Find, in the records below, the line that contains "Intelligent Voice Control" and the line that contains "(diagrams by W.". Copy those two lines and everything between them exactly, but not the pictures.

[Listed entries Boundary: Start]

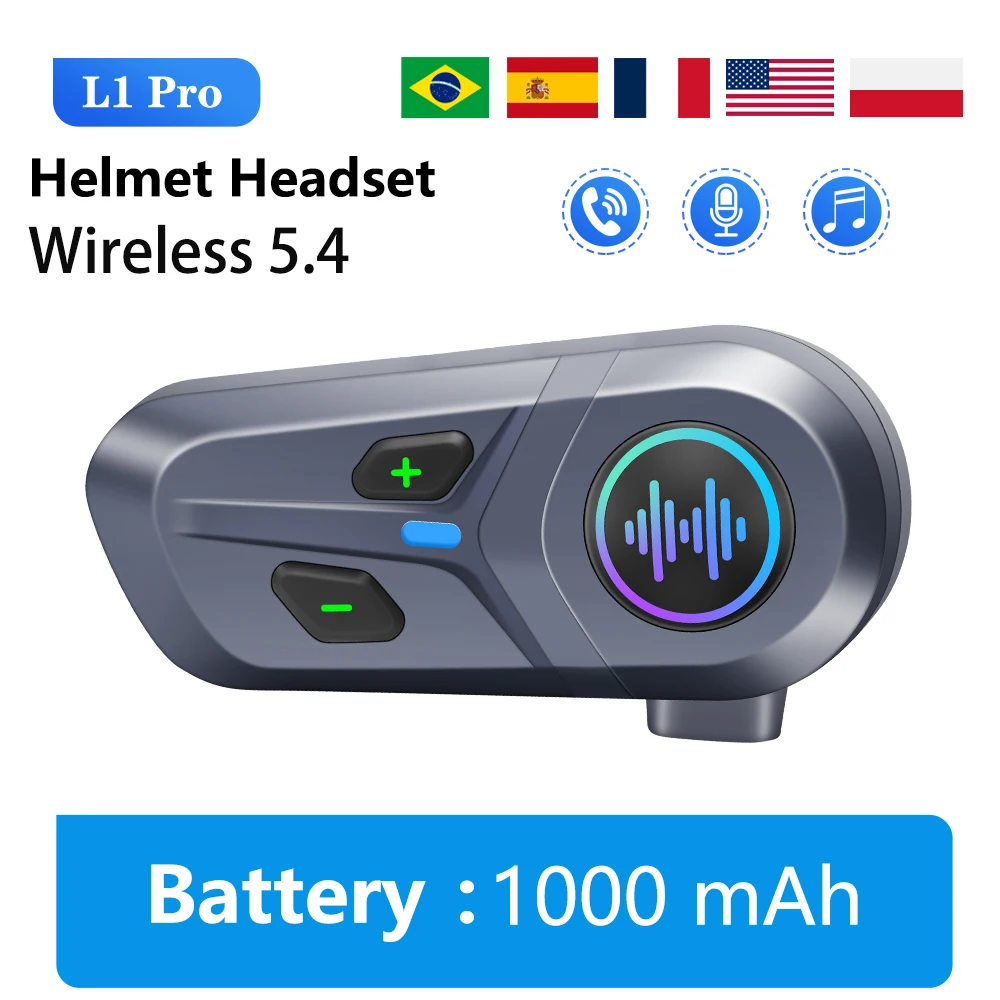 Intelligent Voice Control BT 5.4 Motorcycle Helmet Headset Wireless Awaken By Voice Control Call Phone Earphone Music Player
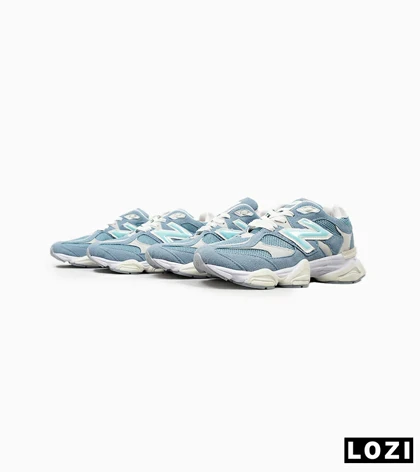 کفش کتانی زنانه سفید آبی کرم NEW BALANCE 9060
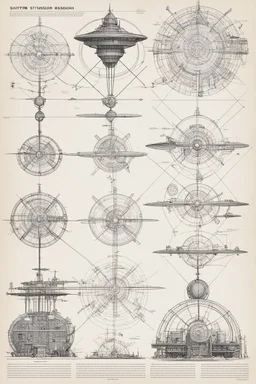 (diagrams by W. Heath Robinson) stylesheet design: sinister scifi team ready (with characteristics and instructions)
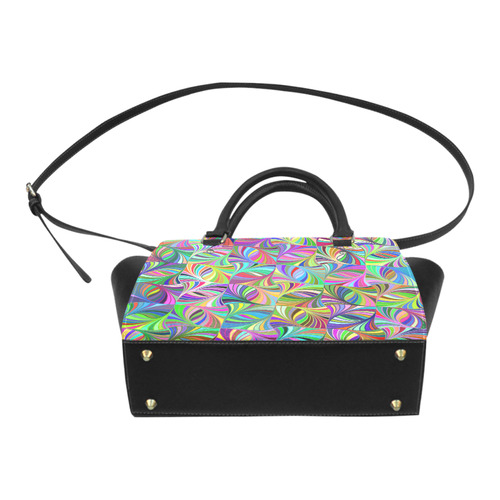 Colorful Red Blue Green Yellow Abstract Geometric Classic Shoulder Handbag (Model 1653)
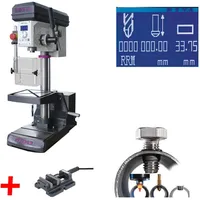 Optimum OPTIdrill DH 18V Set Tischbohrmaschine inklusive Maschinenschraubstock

[Listed entries Boundary: End]
[Listed entries Boundary: Start]

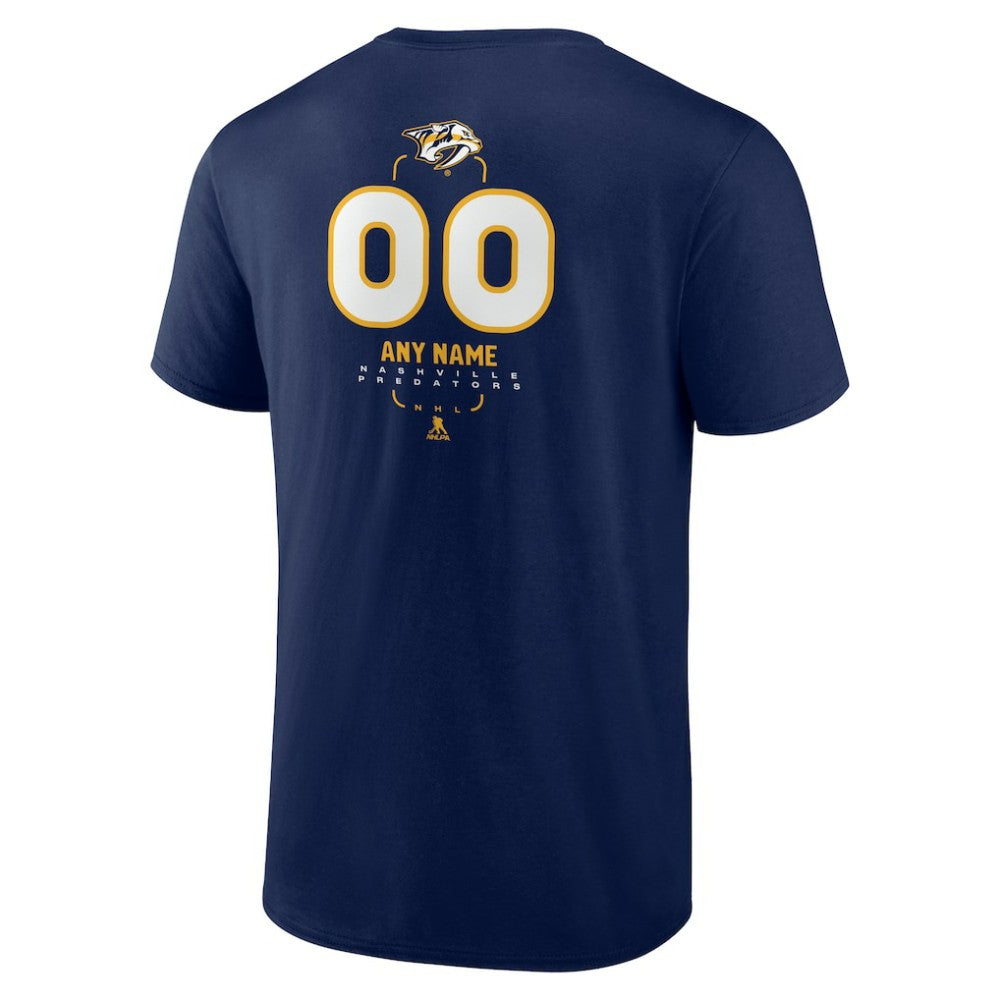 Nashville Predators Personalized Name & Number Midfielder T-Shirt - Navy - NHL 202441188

[Listed entries Boundary: End]

■ Response below:
 Intelligent Voice Control BT 5.4 Motorcycle Helmet Headset Wireless Awaken By Voice Control Call Phone Earphone Music Player
 کفش کتانی زنانه سفید آبی کرم NEW BALANCE 9060
 (diagrams by W. Heath Robinson) stylesheet design: sinister scifi team ready (with characteristics and instructions)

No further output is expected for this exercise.